Addiction to XML is a symptom of a severe case of binaphobia.
Treatment
The binaphobic wakes in the night terrified he has written a program to create a
binary format and now for some reason he cannot read the data. What can be done
to reassure the binaphobic?
- Use industry standard protocols and well tested libraries to read and write the
data. Then at worst you will be missing a field. You are then no worse off than
had you done the whole thing in text.
- Remind him, "When was the last time anyone lost a serialised object because
of bugs in readObject or writeObject?"
- Use the proper debugging tools to study your binary format files. You would not
use NOTEPAD to modify an MS Word document, so why do you think it the
appropriate tool to examine and edit a binary format document. Use a binary
format editor/inspector. Programmers have no fear of the binary TCP/IP format,
because they use proper tools to examine the bits in the packets, rather than
trying to analyse them with NOTEPAD.
- If you invent a new binary format, get different people to write the reader,
writer, verifier, and inspector/editor. That will help iron out inconsistencies
or ambiguities in the format specification, and cross check each others’
work. Then get lots of other people to use it. The more people using it, the
less likely a bug will slip through unnoticed.

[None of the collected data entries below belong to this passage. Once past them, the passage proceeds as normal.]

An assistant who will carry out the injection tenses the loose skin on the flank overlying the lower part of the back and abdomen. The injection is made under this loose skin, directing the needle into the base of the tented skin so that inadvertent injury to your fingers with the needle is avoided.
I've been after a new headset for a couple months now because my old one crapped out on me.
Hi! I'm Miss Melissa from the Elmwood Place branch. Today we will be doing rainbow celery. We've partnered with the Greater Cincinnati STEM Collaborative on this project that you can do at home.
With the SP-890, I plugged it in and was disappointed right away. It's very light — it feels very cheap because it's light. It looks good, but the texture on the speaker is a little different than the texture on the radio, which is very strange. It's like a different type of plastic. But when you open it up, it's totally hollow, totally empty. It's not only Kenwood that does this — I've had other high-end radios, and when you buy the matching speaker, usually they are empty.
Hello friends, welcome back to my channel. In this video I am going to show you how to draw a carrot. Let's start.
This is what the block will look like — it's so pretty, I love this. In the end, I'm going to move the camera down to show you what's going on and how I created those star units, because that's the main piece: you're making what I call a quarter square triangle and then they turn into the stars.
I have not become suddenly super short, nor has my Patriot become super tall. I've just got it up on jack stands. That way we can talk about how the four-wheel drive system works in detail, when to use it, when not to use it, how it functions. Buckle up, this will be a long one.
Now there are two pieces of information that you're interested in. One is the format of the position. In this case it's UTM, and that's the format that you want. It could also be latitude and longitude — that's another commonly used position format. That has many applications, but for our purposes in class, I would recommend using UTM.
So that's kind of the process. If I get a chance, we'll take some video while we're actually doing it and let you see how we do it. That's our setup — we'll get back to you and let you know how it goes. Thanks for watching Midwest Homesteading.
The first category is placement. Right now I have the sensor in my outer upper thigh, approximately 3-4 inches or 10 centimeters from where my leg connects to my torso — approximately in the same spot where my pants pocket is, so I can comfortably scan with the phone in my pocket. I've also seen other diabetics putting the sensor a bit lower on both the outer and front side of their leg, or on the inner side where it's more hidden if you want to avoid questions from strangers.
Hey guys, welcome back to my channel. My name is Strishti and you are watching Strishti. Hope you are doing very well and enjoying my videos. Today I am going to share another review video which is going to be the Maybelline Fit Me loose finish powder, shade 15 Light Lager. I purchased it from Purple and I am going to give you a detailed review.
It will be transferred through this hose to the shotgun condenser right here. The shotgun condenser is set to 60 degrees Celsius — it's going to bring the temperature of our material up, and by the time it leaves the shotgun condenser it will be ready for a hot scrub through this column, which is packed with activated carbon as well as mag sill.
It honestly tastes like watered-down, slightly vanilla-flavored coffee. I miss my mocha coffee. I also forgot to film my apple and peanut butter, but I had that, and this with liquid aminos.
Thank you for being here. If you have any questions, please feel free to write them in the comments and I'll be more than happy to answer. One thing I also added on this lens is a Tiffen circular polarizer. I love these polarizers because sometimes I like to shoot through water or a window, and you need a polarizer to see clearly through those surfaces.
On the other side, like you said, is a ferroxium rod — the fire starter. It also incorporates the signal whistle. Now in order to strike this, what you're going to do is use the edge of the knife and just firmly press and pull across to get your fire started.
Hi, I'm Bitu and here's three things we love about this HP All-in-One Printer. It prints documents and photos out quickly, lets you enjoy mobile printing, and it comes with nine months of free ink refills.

- Remind him that bugs in properly tested programs are rare. Errors in text files
prepared with NOTEPAD are extremely common. He is like the fool who sits in his
car in the garage with the motor running to avoid being hit by lightning.
- Let the binaphobic use a binary editor. He imagines somehow it will be harder to
use that Notepad. He imagines that it will force him to fiddle bits with hex
notation. He has no idea that a modern binary editor is like a spreadsheet with
the formulas locked that validates each field as you entered it.